- **WORK TASK**: The entries below contain pictures. Write out only the lines from the line with "Red Palaka Hawaii" up to and including the line with "Pijama Feminino Americano", exactly, without them.

---- SUPPLIED RECORDS

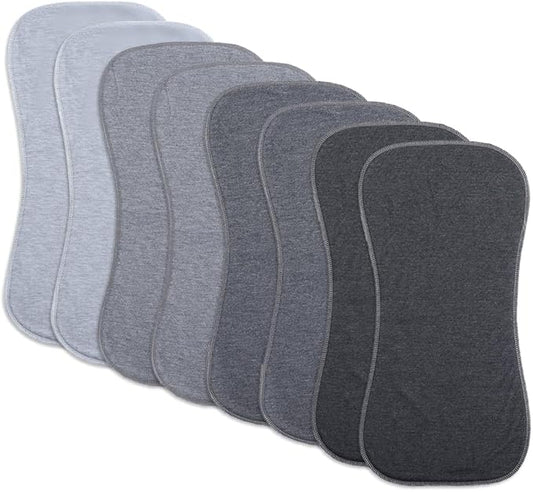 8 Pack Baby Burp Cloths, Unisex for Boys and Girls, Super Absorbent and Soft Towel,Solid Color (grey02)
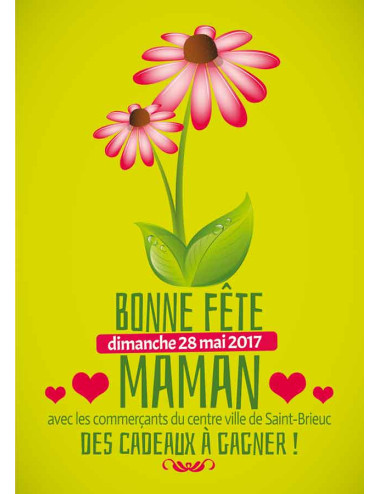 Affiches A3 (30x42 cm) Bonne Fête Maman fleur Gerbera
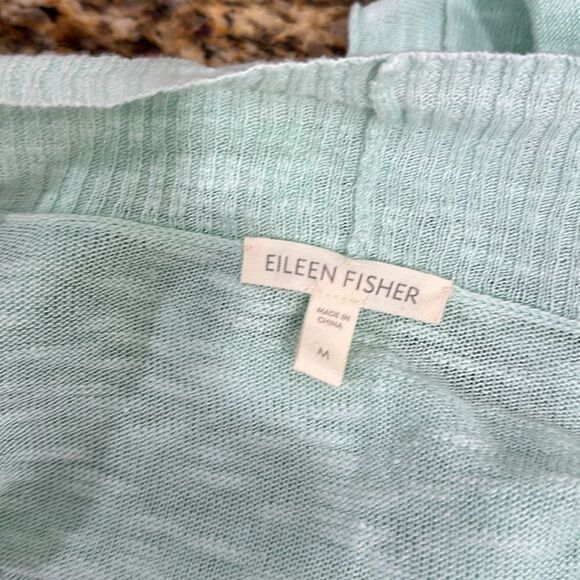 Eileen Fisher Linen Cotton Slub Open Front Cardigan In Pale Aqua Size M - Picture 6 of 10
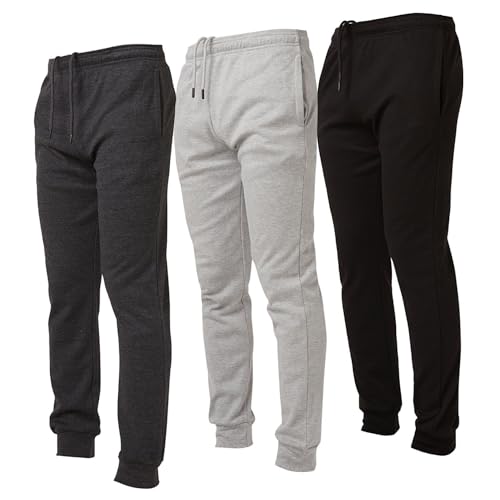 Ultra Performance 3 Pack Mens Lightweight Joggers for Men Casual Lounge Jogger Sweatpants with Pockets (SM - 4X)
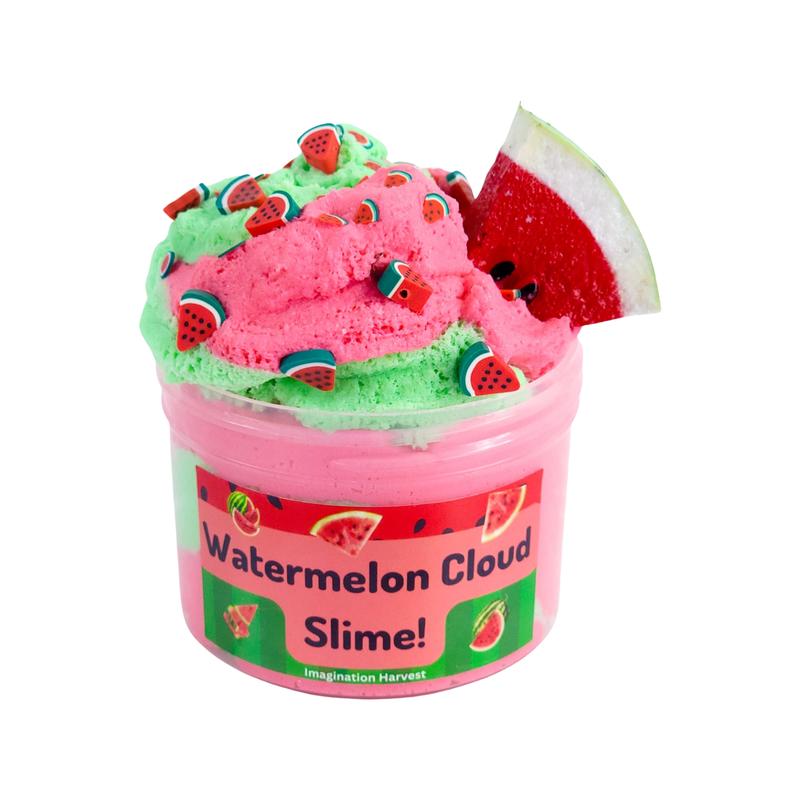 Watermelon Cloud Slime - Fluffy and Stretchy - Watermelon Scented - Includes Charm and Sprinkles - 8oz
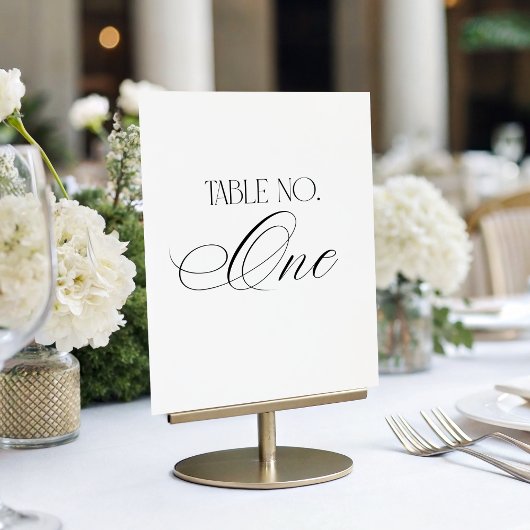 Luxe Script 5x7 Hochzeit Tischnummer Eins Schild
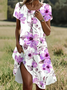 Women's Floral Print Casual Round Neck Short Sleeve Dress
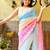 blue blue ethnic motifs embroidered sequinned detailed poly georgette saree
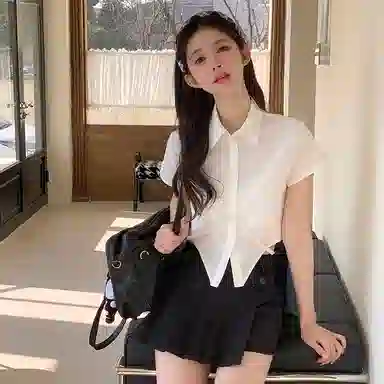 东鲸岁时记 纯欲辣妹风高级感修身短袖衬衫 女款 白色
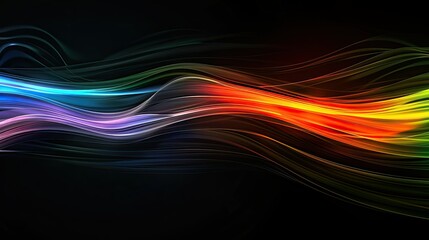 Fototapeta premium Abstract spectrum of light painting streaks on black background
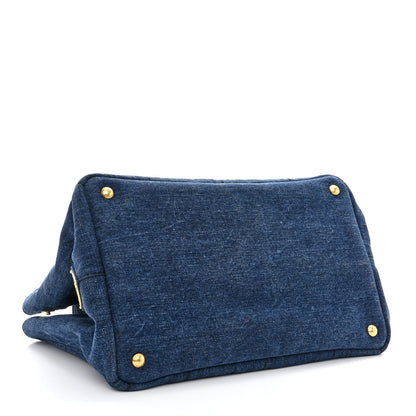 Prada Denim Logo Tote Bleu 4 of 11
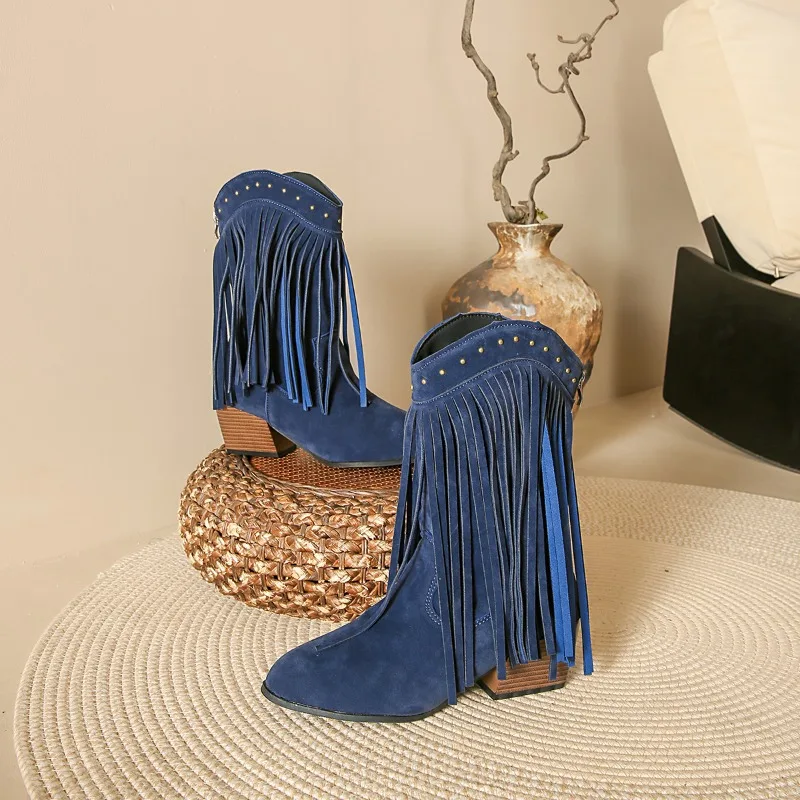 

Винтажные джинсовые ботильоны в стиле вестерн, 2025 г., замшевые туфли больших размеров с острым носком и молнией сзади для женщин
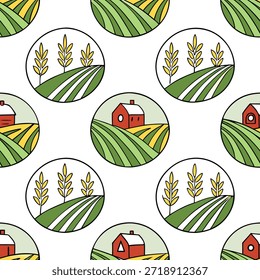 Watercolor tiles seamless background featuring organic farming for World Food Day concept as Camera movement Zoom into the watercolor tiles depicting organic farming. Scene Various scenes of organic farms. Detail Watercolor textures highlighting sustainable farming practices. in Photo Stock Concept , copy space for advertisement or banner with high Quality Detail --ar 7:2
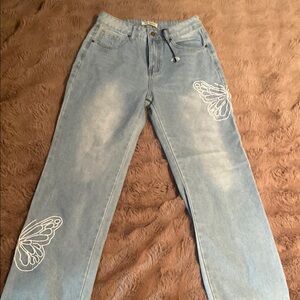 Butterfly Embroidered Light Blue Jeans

--------
---- SUPPLIED RECORDS

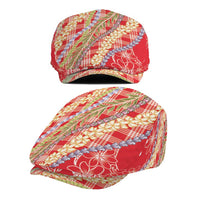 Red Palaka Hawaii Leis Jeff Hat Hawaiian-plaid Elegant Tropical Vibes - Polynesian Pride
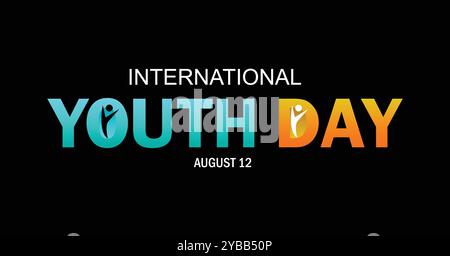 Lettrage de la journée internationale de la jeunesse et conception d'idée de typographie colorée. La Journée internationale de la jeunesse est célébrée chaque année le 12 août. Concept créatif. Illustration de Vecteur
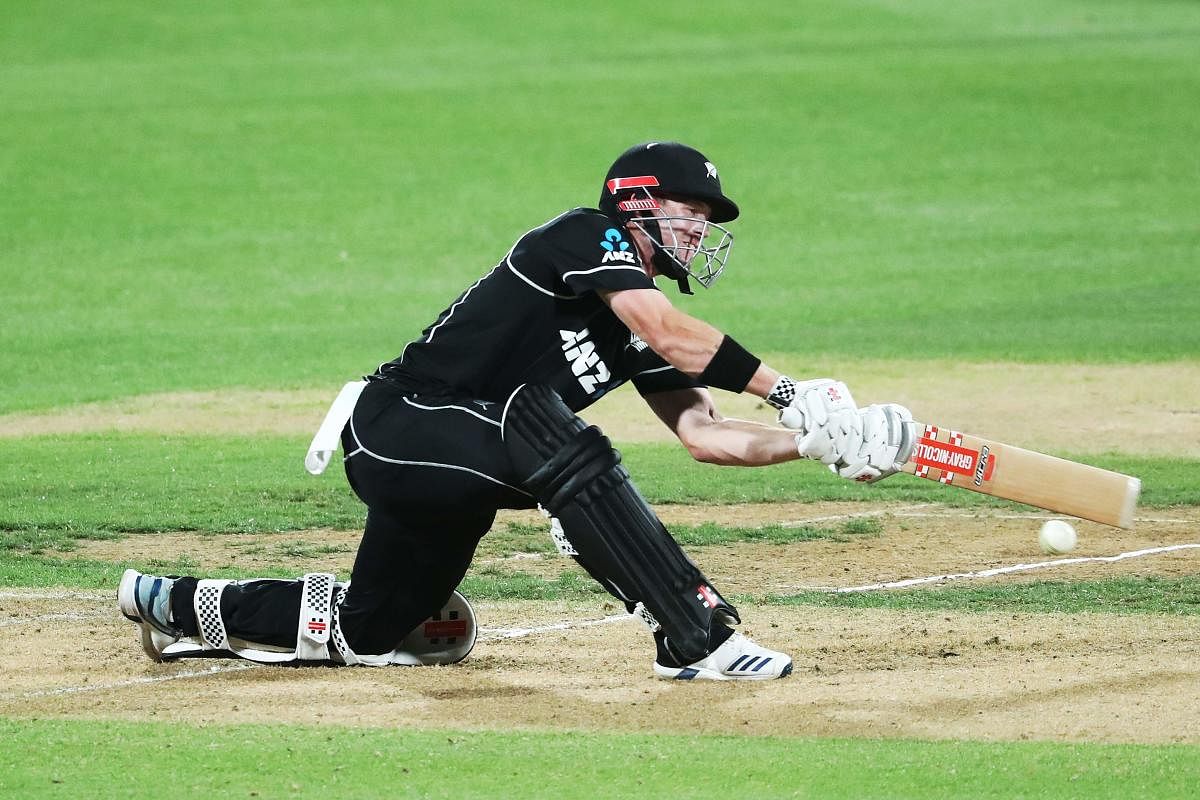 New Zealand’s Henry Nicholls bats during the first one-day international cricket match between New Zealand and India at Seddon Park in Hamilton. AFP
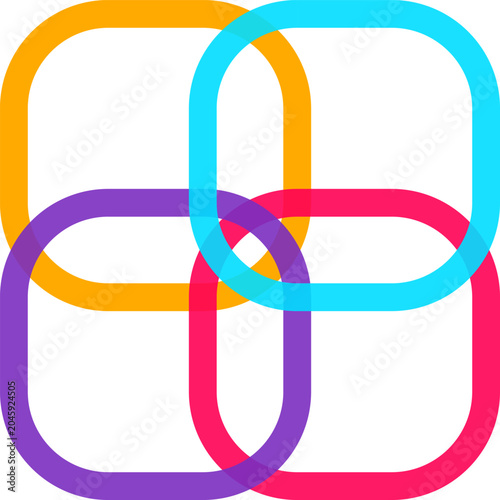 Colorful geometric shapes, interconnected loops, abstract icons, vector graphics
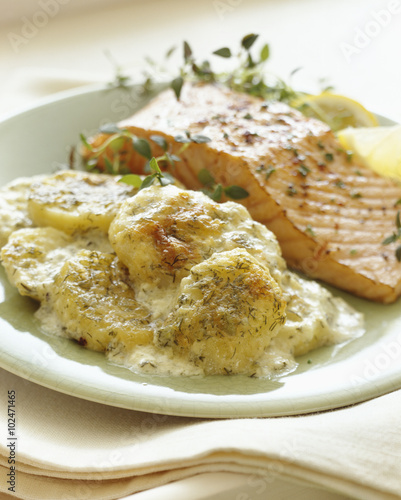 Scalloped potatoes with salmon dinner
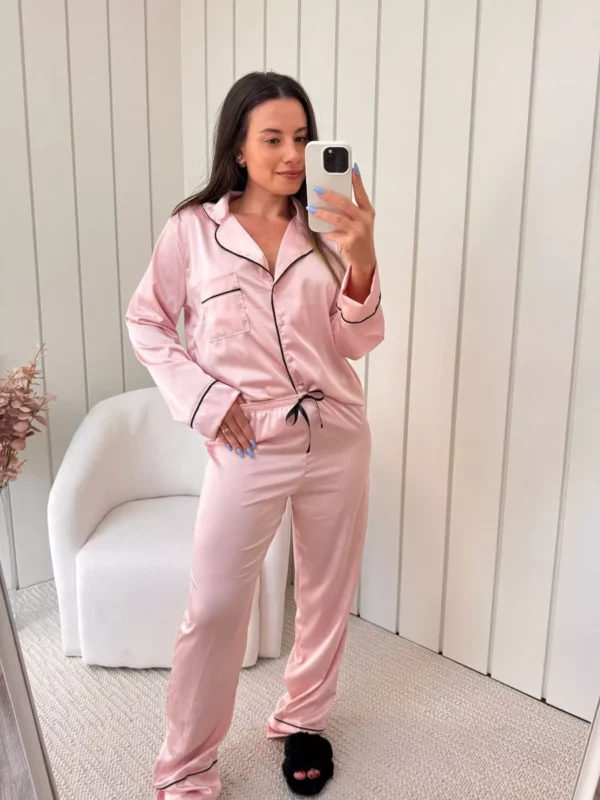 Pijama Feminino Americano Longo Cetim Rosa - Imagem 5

--------

- **TASK OUTPUT**:
 Red Palaka Hawaii Leis Jeff Hat Hawaiian-plaid Elegant Tropical Vibes - Polynesian Pride
 Lettrage de la journée internationale de la jeunesse et conception d'idée de typographie colorée. La Journée internationale de la jeunesse est célébrée chaque année le 12 août. Concept créatif. Illustration de Vecteur
 New Zealand’s Henry Nicholls bats during the first one-day international cricket match between New Zealand and India at Seddon Park in Hamilton. AFP
 Colorful geometric shapes, interconnected loops, abstract icons, vector graphics
 Scalloped potatoes with salmon dinner
 Pijama Feminino Americano Longo Cetim Rosa - Imagem 5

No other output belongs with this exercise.